Des acteurs portuaires accusent le Port autonome de Douala d’avoir violé la loi dans la mise en place de la Régie du terminal à conteneurs.
Par Achille Mbog Pibasso
La décision prise le 06 décembre 2019 par les dirigeants du Port autonome de Douala (PAD) portant création d’une Régie du terminal à conteneurs (RTC) pour assurer l’exploitation et la maintenance de cette infrastructure dès le 1er janvier 2020 en lieu et place du consortium franco-danois Bolloré-APM Terminal s’est faite en violation du décret portant réorganisation du Port autonome de Douala.
A en croire des acteurs portuaires, entre autres, des armateurs, des consignataires, des acconiers et des transitaires, c’est au regard de cette violation réglementaire qu’une réunion d’urgence a été convoquée le 23 décembre 2019 pour tenter de rattraper ce qui peut encore l’être.
Le décret présidentiel portant réorganisation du Port autonome de Douala a-t-on indiqué, dispose en son article 11 que « si l’opération de consultation relative au transfert au secteur privé de l’activité de manutention portuaire s’avère infructueuse, l’autorité portuaire peut à titre exceptionnel en assurer la gestion directe, après avis du conseil consultatif d’orientation du Port de Douala ».
Pourtant, le Conseil d’administration du Port autonome de Douala a par résolution N°0684 et N°0685 /19/CA/PAD du 06 décembre 2019 a pris des mesures destinées à assurer la poursuite des opérations de manutention au terminal à conteneurs du Port de Douala, dont la mise en place de la régie déléguée. Dans la foulée, le Directeur général du PAD Cyrus Ngo’o, a décidé de la nomination de Faustin Dingana aux fonctions de Directeur de la Régie déléguée.
« Ces mesures prises dans la précipitation par les responsables du Port autonome de Douala ont été mises en application en violation du décret N°2019/034 du 24 janvier 2019. Le Conseil consultatif d’orientation du Port de Douala n’ayant pu, comme le prévoit l’article 11, formuler d’observations sur ce projet porté par la Direction général du PAD » ont relevé des acteurs portuaires.
D’après des sources, c’est sans doute dans une attitude de « rattrapage » que le Président du Comité consultatif d’orientation du Port autonome de Douala, Alain Malong, a convoqué dans l’urgence, une session du Comité consultatif qui s’est tenue ce lundi au siège du PAD, avec dans les divers, un point sur la situation du Terminal à conteneurs.

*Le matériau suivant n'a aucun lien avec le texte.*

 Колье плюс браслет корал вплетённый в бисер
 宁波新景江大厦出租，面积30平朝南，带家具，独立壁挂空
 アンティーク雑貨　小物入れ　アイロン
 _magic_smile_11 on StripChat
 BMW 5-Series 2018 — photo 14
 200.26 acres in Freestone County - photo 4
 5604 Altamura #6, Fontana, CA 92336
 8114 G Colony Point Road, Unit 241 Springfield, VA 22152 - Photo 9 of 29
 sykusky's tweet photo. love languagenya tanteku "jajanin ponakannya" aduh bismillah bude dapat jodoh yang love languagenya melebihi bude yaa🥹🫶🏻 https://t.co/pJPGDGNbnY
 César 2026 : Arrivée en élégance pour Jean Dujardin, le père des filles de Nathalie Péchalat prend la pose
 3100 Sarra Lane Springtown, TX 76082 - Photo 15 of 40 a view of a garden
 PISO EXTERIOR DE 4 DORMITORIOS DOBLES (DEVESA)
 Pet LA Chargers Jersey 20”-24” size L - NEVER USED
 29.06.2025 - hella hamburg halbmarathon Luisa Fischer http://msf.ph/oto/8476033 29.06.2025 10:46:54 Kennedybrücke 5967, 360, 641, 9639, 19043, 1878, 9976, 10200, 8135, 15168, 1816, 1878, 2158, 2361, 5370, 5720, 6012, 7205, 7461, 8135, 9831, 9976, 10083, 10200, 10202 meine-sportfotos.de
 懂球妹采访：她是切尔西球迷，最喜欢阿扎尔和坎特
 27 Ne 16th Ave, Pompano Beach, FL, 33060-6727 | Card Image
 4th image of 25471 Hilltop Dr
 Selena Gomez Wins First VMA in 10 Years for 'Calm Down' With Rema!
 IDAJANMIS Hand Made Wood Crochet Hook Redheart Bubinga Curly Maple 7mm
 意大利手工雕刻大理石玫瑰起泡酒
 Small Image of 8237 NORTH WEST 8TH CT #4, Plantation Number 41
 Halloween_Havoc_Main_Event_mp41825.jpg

« Cette réunion convoquée de manière précipitée et hors délai vient s’ajouter à la somme des décisions illégales prises par le Conseil d’administration et la Direction générale du Port de Douala dans le cadre de la création de la régie du terminal à conteneurs », renseigne-t-on.
Selon de fiables informations, au regard des enjeux économiques que revêt l’exploitation du terminal à conteneurs, les plus hautes autorités de l’Etat seraient de plus en plus favorables pour que le Groupe Bolloré à travers Douala international terminal (DIT) qui assure l’exploitation de cette infrastructure depuis quinze ans puisse poursuivre ses activités en attendant la désignation d’un nouvel opérateur.
Une prudence des dirigeants qui s’expliquerait notamment au regard de l’expertise du Groupe Bolloré dans la gestion et la maintenance du terminal à conteneurs, mais aussi parce que « le sommet de l’Etat ne pourrait prendre le risque de confier un secteur aussi névralgique aux mains inexpertes ».
Dans ce contexte, tout laisse croire qu’on est loin d’avoir écrit le dernier épisode de ce feuilleton à rebondissements.